12 KiB
German State Extraction Pattern (Reusable Template)
Last Updated: 2025-11-20
Status: Production-ready pattern validated on Saxony (411 institutions)
Overview
This document provides a copy-paste template for extracting heritage institutions from any German state (Bundesland) using the proven Saxony pattern.
Success Rate: 99.8% ISIL coverage, 100% core metadata completeness
Time Required: 1.5-2 hours per state (foundation + museums)
Difficulty: Easy (automated scraping, minimal manual curation)
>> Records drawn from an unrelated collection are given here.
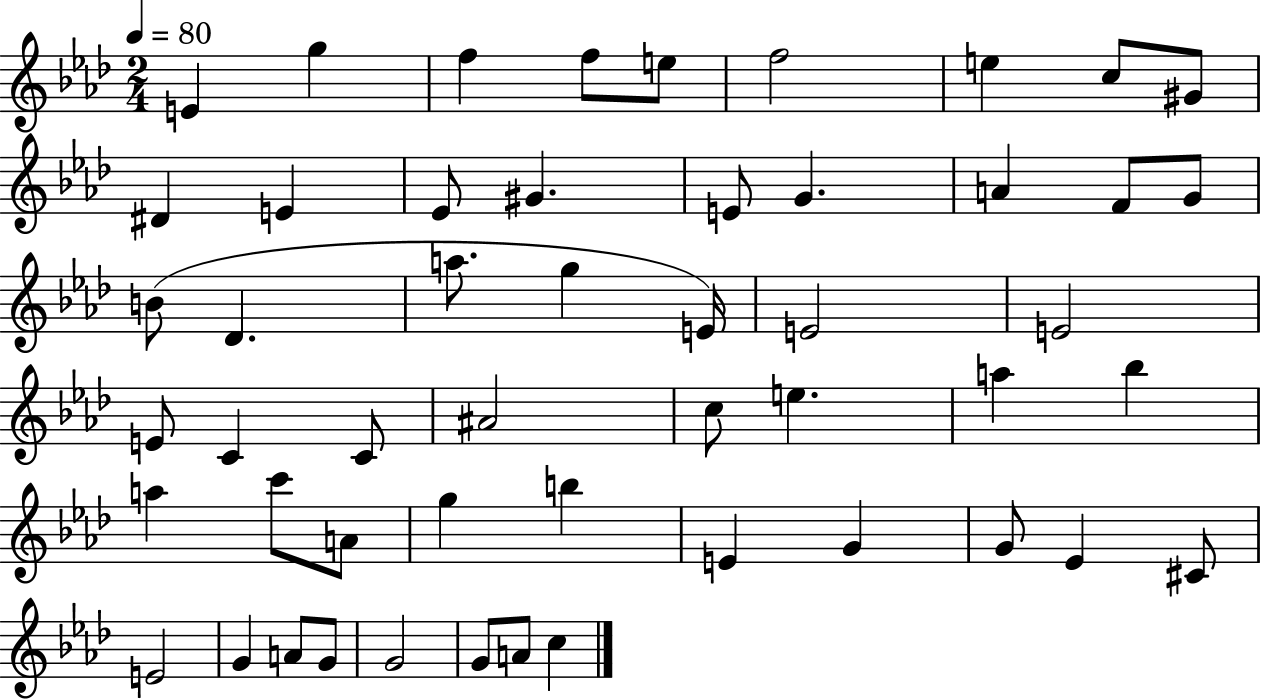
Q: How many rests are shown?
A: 0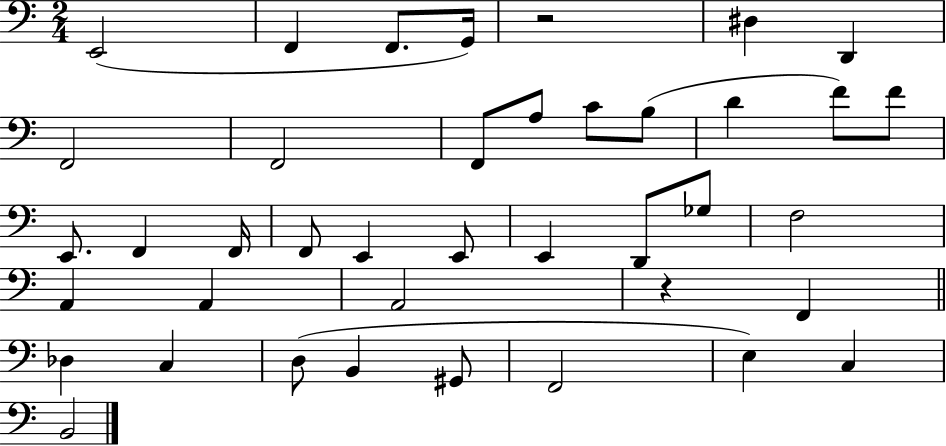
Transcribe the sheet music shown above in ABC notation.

X:1
T:Untitled
M:2/4
L:1/4
K:C
E,,2 F,, F,,/2 G,,/4 z2 ^D, D,, F,,2 F,,2 F,,/2 A,/2 C/2 B,/2 D F/2 F/2 E,,/2 F,, F,,/4 F,,/2 E,, E,,/2 E,, D,,/2 _G,/2 F,2 A,, A,, A,,2 z F,, _D, C, D,/2 B,, ^G,,/2 F,,2 E, C, B,,2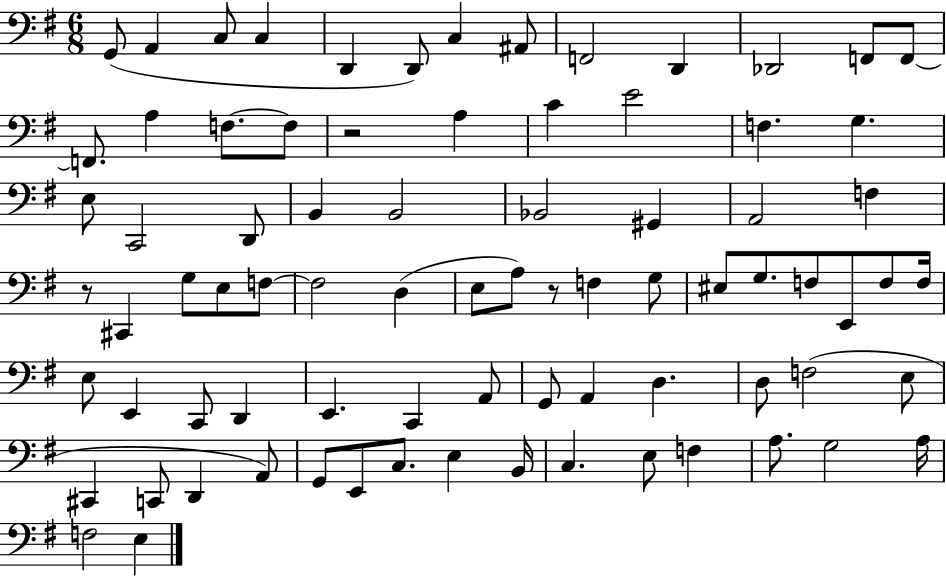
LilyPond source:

Two-Phase Extraction Strategy
Phase 1: Foundation Dataset (Archives + Libraries)
Extract high-quality records from major state institutions:
- State archives (Staatsarchiv, Landesarchiv)
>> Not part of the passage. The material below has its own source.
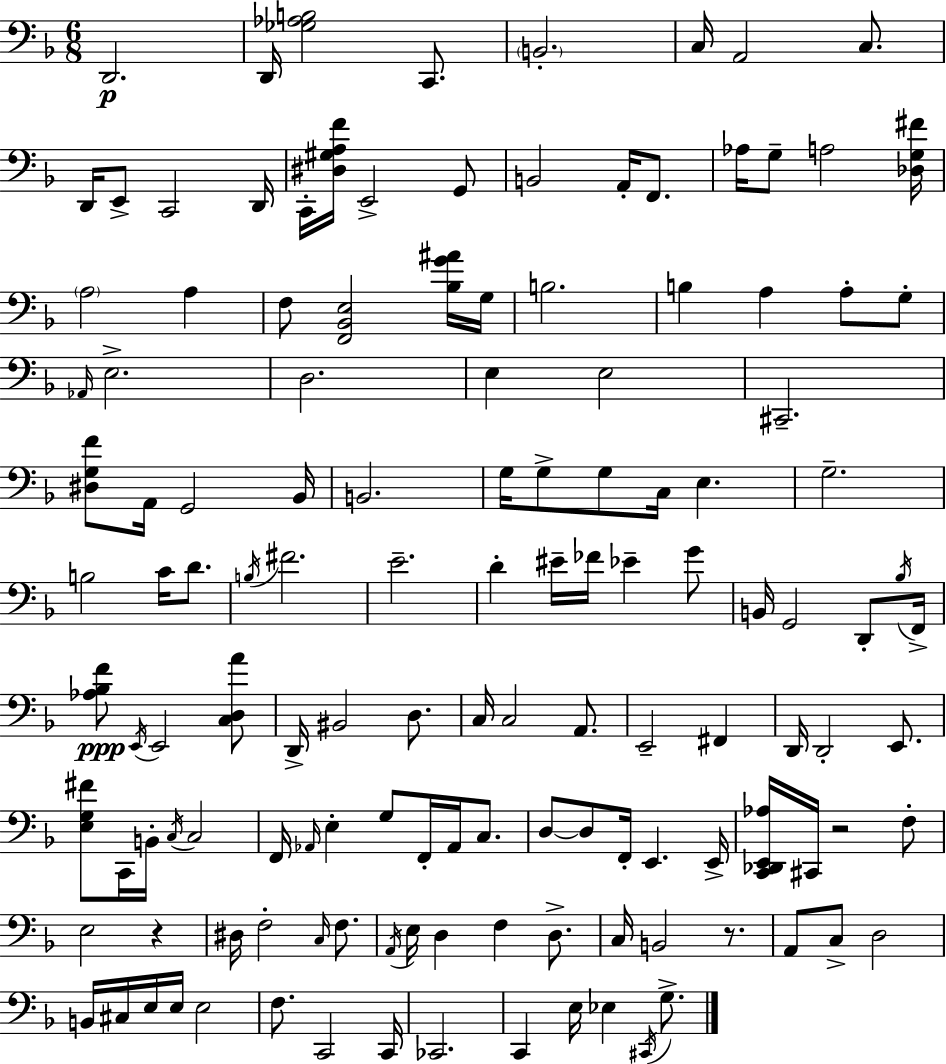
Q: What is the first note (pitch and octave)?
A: D2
- State/university libraries (Staatsbibliothek, Universitätsbibliothek)
- Research libraries (specialized subject libraries)
Target: 10-20 institutions with 80%+ completeness
Phase 2: Museum Registry Extraction
Extract comprehensive museum coverage from isil.museum:
- Official German museum ISIL registry (Institut für Museumsforschung)
- ~6,300 total German museums
- Filter by state name (Bundesland)
Target: 200-1,500 museums per state (varies by state size)
Quick Start Template
Step 1: Create State Scraper (5 minutes)
# Replace STATE_NAME and state_name throughout
# Example: Bayern (Bavaria), Baden-Württemberg, etc.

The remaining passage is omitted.